And I too as thou sayest have seen great things;
Seen otherwhere, but chiefly when the sail
First caught between stretched ropes the roaring west,
And all our oars smote eastward, and the wind
First flung round faces of seafaring men
White splendid snow-flakes of the sundering foam,
And the first furrow in virginal green sea
Followed the plunging ploughshare of hewn pine . . .

Yet the most incisive of Swinburne's poems remain those in which he underwent the "test of a poet's vision," in Graves' sense—or when his concern with the terms of his algolagnia is unmistakable, as here:

As one who hidden in deep sedge and reeds
Smells the rare scent made where a panther feeds,
     And tracking ever slotwise the warm smell
Is snapped upon by the sweet mouth and bleeds,

His head far down the hot sweet throat of her—
So one tracks love, whose breath is deadlier . . .
("Laus Veneris")

The major part of Edith Sitwell's selection comes from Poems and Ballads (1866), and includes the whole of Atalanta in Calydon (1865). Dobrée ranges more out of necessity, since the Penguin selection intends to represent the whole body of Swinburne's writing. After Swinburne's "rescue" by Watts-Dunton (with whom he shared a household for the thirty years until his death in 1909), there is little of interest in his poems. Perhaps it was the confinement from his excesses that quieted his earlier energy. It was Watts-Dunton's assertion that, "From this moment (1879) Swinburne's connection with Bohemian London ceased entirely." But much had in fairness stopped before that, it would seem.

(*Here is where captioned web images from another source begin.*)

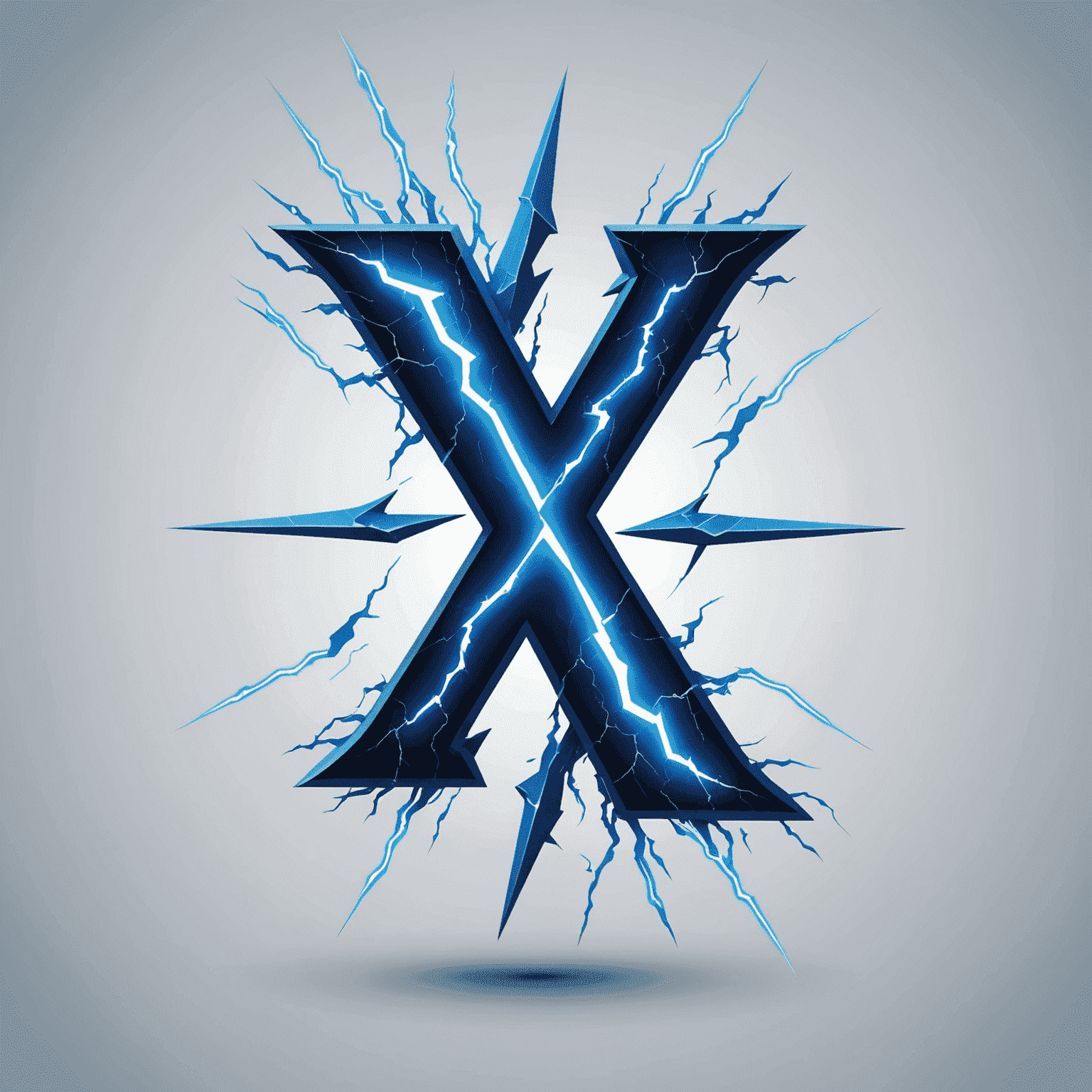 VITEX UKRAINE Logo - A stylized 'X' made of electric blue lightning bolts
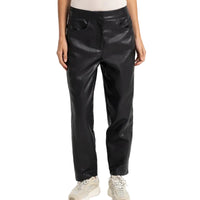Yaya Womens Faux Leather Carrot Fit Trousers 01-309289-609 Hole Black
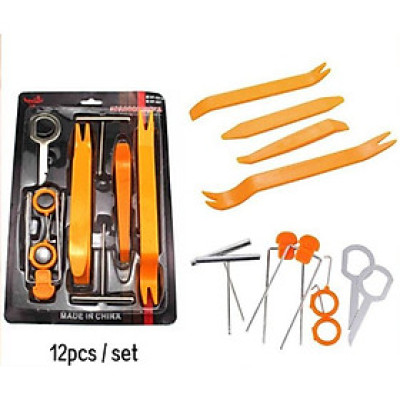 Bộ dụng cụ tháo lắp nội thất 12 món, đồ nhựa cho xe ô tô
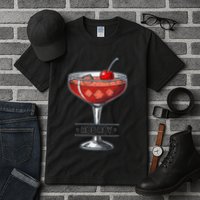 Vintage Cocktail Illustration Featuring Rob Roy Tall T-Shirt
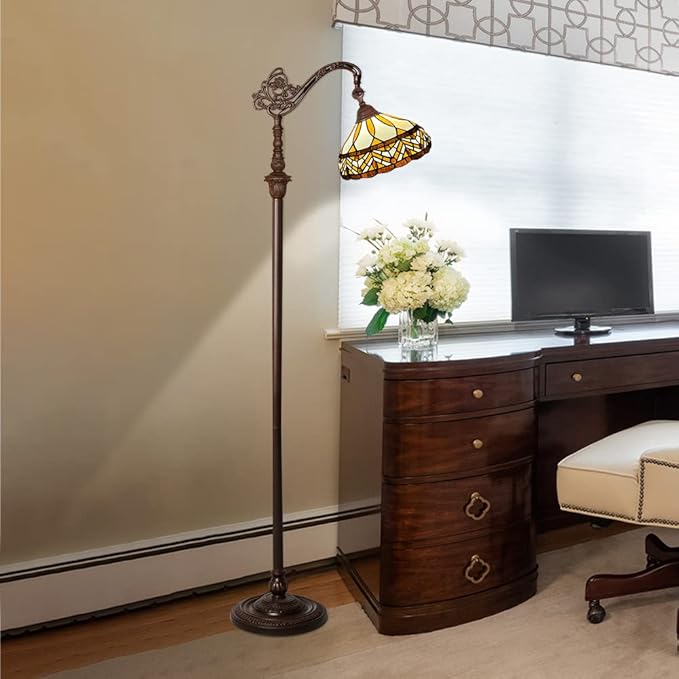 Capulina Tiffany Floor Lamp Antique Amber Melody Style Stained Glass Soft Light Arched Gooseneck Adjustable Angle Reading Floor Lamp for Living Room Bedroom Home Office - LeafyLoom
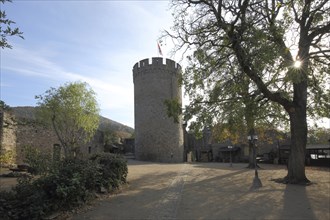 Tower of Auerbach Castle Ruin in backlight near Bensheim, Bergstrasse, Hesse, Germany, Europe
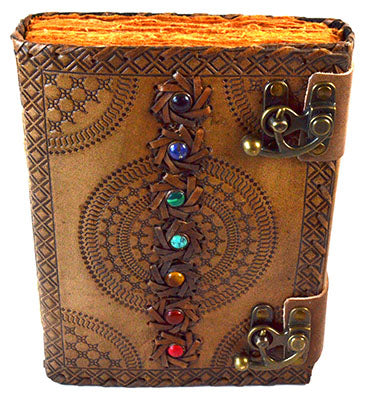 7 Chakra Aged Leather Journal with Latch Mythical Collectibles Journals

Songs Before Sunrise (1871), written in hero-worship of the Italian political exile Mazzini, shows


increased diffuseness and verbosity despite the occasional interest of a poem like "Hertha" or "Hymn of Man." Still both these last become a tedium of accumulation and patterned manner. The intensity is gone.

It is doubtful to me that Swinburne can now be of much use to us. We have come, or have tried to, so far from the manners of that period, moving toward (as Grierson notes in his monograph on Swinburne) an increased use of spoken rhythms. This is why, perhaps, Swinburne's poems must seem so interminably artificial a contrivance so very often. Or perhaps it is, as Robert Duncan suggests, that Swinburne's "pleasurable pain/painful pleasure specialty may have something to do with his aesthetic in the actual poem—going on almost unbearably as he does. The fascinating bore in discourse is a sadist in that way."